Brain Dump- Moonlets?

A supermoon rises above central London on December 14, 2016. The phenomenon happens when the moon is full at the same time as, or very near, perigee -- its closest point to Earth on an elliptical, monthly orbit. / AFP / Daniel LEAL-OLIVAS        (Photo credit should read DANIEL LEAL-OLIVAS/AFP/Getty Images)
 AFP / Daniel LEAL-OLIVAS (Photo credit should read DANIEL LEAL-OLIVAS/AFP/Getty Images)
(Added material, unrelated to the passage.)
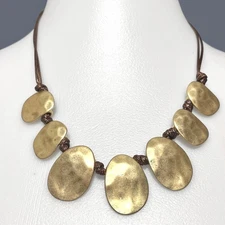 Hammered Metal Statement Necklace Brown Cord Gold Tone Charm Fringe Pendants 20"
Is the moon made of many moonlets?

New simulations suggest the moon is made of around 20 mini-moons, or moonlets. Israeli researchers are opposing the predominate theory of one massive impact from a Mars sized object called Theia (Theia was a greek Titaness whose also went by Euryphaessa  meaning “wide-shining”) about 4.31 billion years ago. Instead, they suggest several smaller impacts created earth debris, and moonlets, and which were later fused together by gravitational forces.

Did these smaller impacts effect the earths rotation or position in solar system? What effect did this have on early geology?

Could we examine moon soil for a better look at Gaia’s (early earth) composition?

Could there be a surviving record of space stuff, or impact craters to support this…

I don’t know, but the idea of the earth spinning with several small moons is pleasant. And moonlet is great word.